For a bald question like, “Is being gay genetic?” there is no meaningful answer. We could try to reformulate it as a meaningful biological question, like “What is the heritability of homosexual behavior among males in the United States?” or “Can we find genetic markers strongly linked to self-identification as ‘gay’?” but I don’t think those are the questions we really meant to ask. I think actually the question we meant to ask was more fundamental than that: Is it legitimate to discriminate against gay people? And here the answer is unequivocal: No, it isn’t. It is a grave mistake to think that this moral question has anything to do with genetics; discrimination is wrong even against traits that are totally environmental (like religion, for example), and there are morally legitimate actions to take based entirely on a person’s genes (the obvious examples all coming from medicine—you don’t treat someone for cystic fibrosis if they don’t actually have it).

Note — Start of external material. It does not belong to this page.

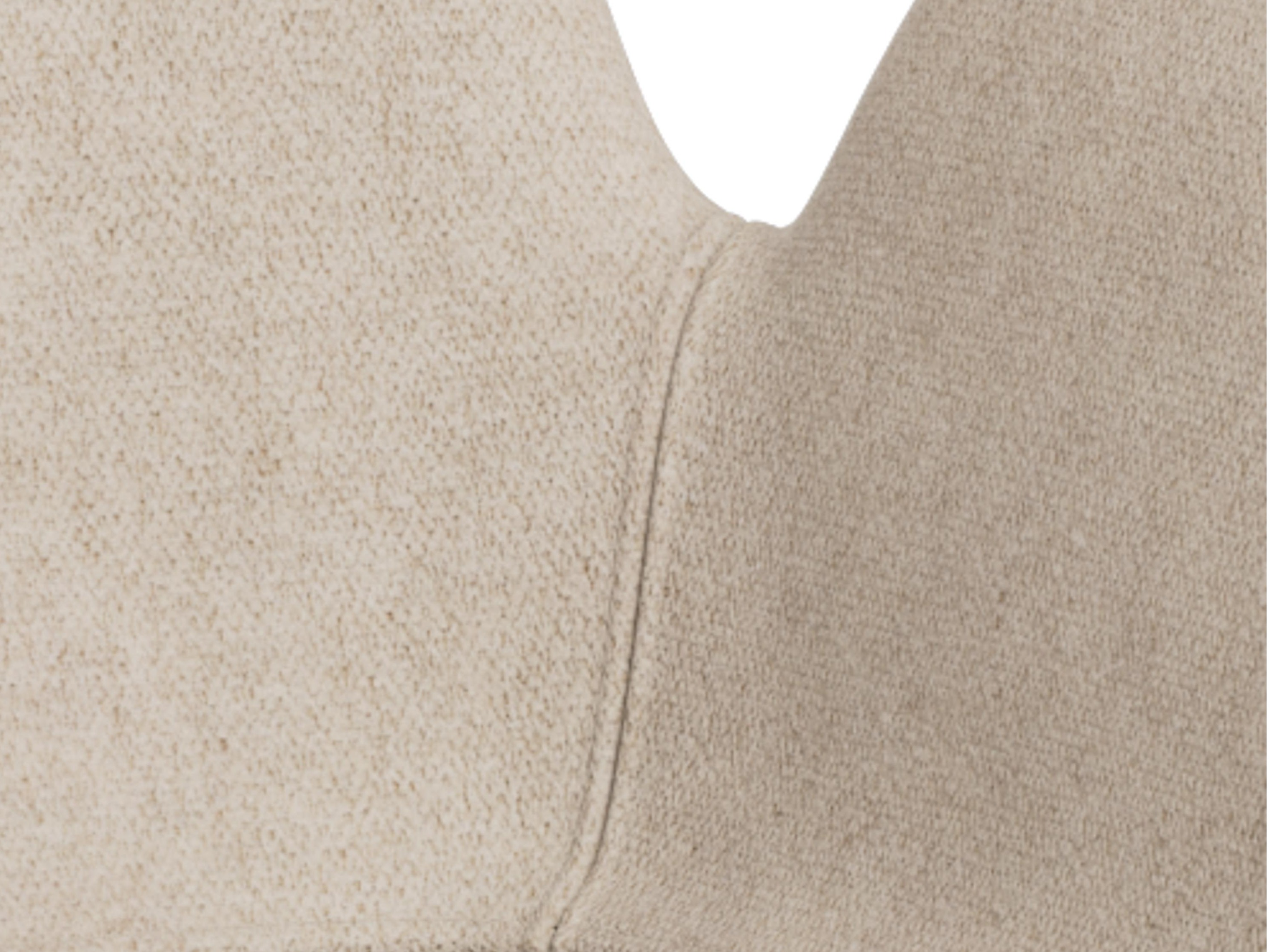 Szék Norsica 1058 (Fekete + Világosbarna)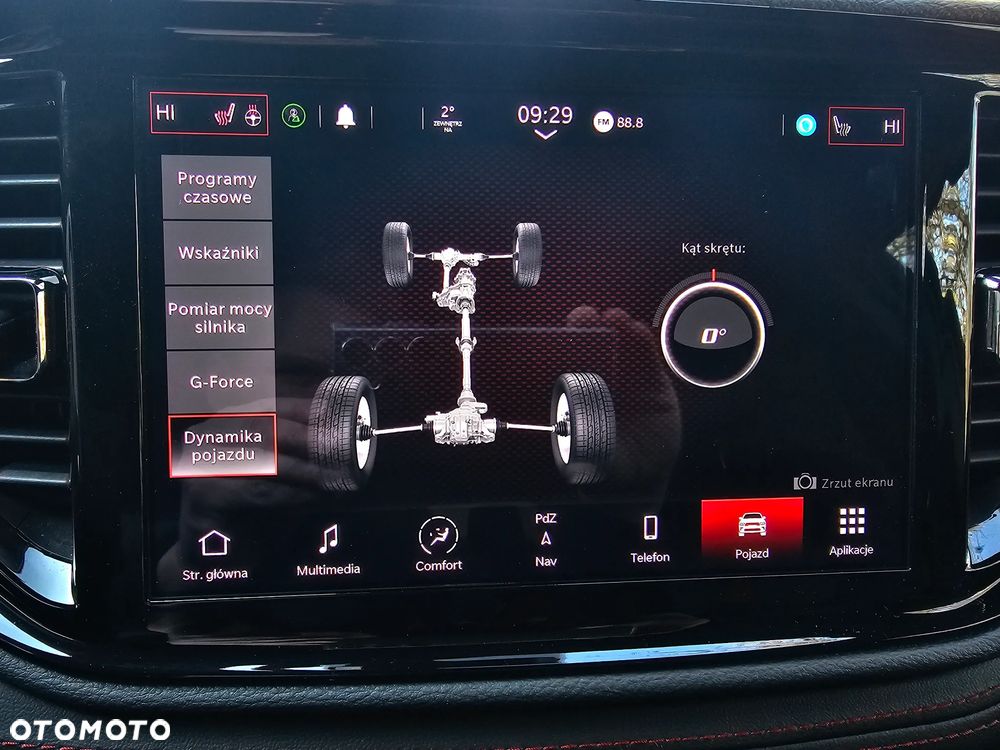 Dodge Durango 5.7 R/T - 31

Similarly, when we ask the question “Is intelligence genetic?” I don’t think most people are actually interested in the heritability of spatial working memory among young American males. I think the real question they want to ask is about equality of opportunity, and what it would look like if we had it. If success were entirely determined by intelligence and intelligence were entirely determined by genetics, then even a society with equality of opportunity would show significant inequality inherited across generations. Thus, inherited inequality is not necessarily evidence against equality of opportunity. But this is in fact a deeply disingenuous argument, used by people like Charles Murray to excuse systemic racism, sexism, and concentration of wealth.

We didn’t have to say that inherited inequality is necessarily or undeniably evidence against equality of opportunity—merely that it is, in fact, evidence of inequality of opportunity. Moreover, it is far from the only evidence against equality of opportunity; we also can observe the fact that college-educated Black people are no more likely to be employed than White people who didn’t even finish high school, for example, or the fact that otherwise identical resumes with predominantly Black names (like “Jamal”) are less likely to receive callbacks compared to predominantly White names (like “Greg”). We can observe that the same is true for resumes with obviously female names (like “Sarah”) versus obviously male names (like “David”), even when the hiring is done by social scientists. We can directly observe that one-third of the 400 richest Americans inherited their wealth (and if you look closer into the other two-thirds, all of them had some very unusual opportunities, usually due to their family connections—“self-made” is invariably a great exaggeration). The evidence for inequality of opportunity in our society is legion, regardless of how genetics and intelligence are related. In fact, I think that the high observed heritability of intelligence is largely due to the fact that educational opportunities are distributed in a genetically-biased fashion, but I could be wrong about that; maybe there really is a large genetic influence on human intelligence. Even so, that does not justify widespread and directly-measured discrimination. It does not justify a handful of billionaires luxuriating in almost unimaginable wealth as millions of people languish in poverty. Intelligence can be as heritable as you like and it is still wrong for Donald Trump to have billions of dollars while millions of children starve.

This is what I think we need to do when people try to bring up a “nature versus nurture” question. We can certainly talk about the real complexity of the relationship between genetics and environment, which I think are best summarized as “nature via nurture”; but in fact usually we should think about why we are asking that question, and try to find the real question we actually meant to ask.